[MATERIAL SHOWN — start]
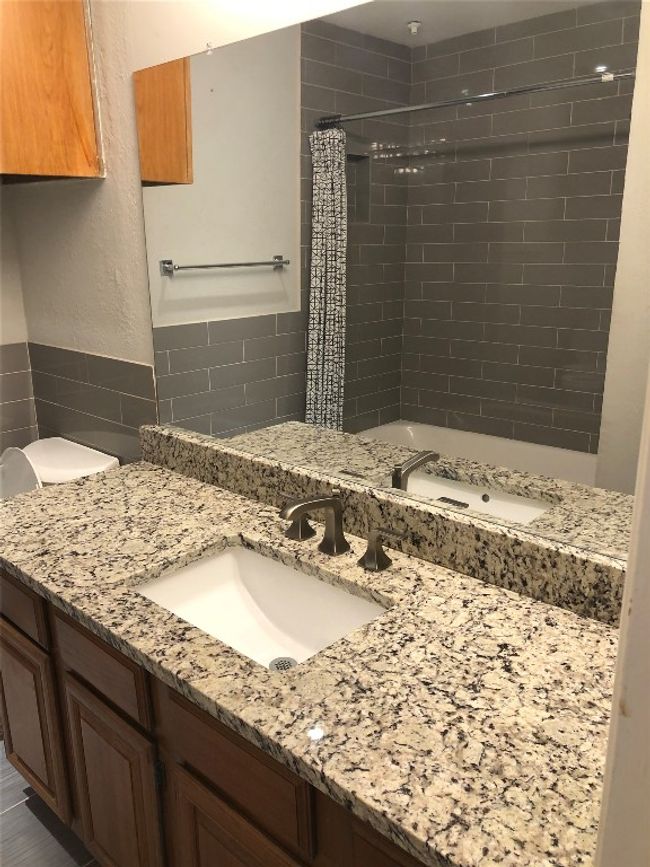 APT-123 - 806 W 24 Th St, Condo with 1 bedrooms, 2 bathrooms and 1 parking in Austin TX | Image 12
[MATERIAL SHOWN — finish]
[MATERIAL SHOWN — start]
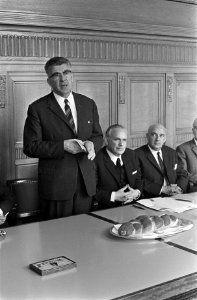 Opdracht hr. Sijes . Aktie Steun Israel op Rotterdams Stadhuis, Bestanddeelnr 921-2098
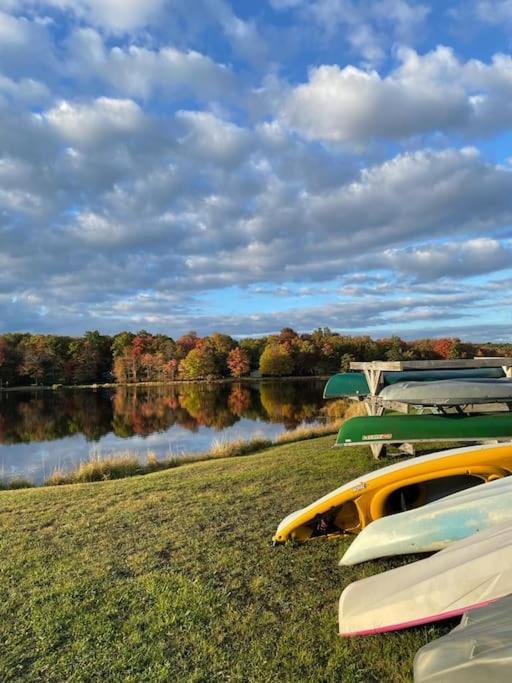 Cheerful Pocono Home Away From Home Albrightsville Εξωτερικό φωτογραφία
[MATERIAL SHOWN — finish]
**WHAT IS NEEDED**. Range to copy from the listing above: the line with "Opdracht hr. Sijes" through the line with "Cheerful Pocono Home". Transcribe it exactly and skip the pictures.

**EXERCISE SOLUTION**.
 Opdracht hr. Sijes . Aktie Steun Israel op Rotterdams Stadhuis, Bestanddeelnr 921-2098
 Cheerful Pocono Home Away From Home Albrightsville Εξωτερικό φωτογραφία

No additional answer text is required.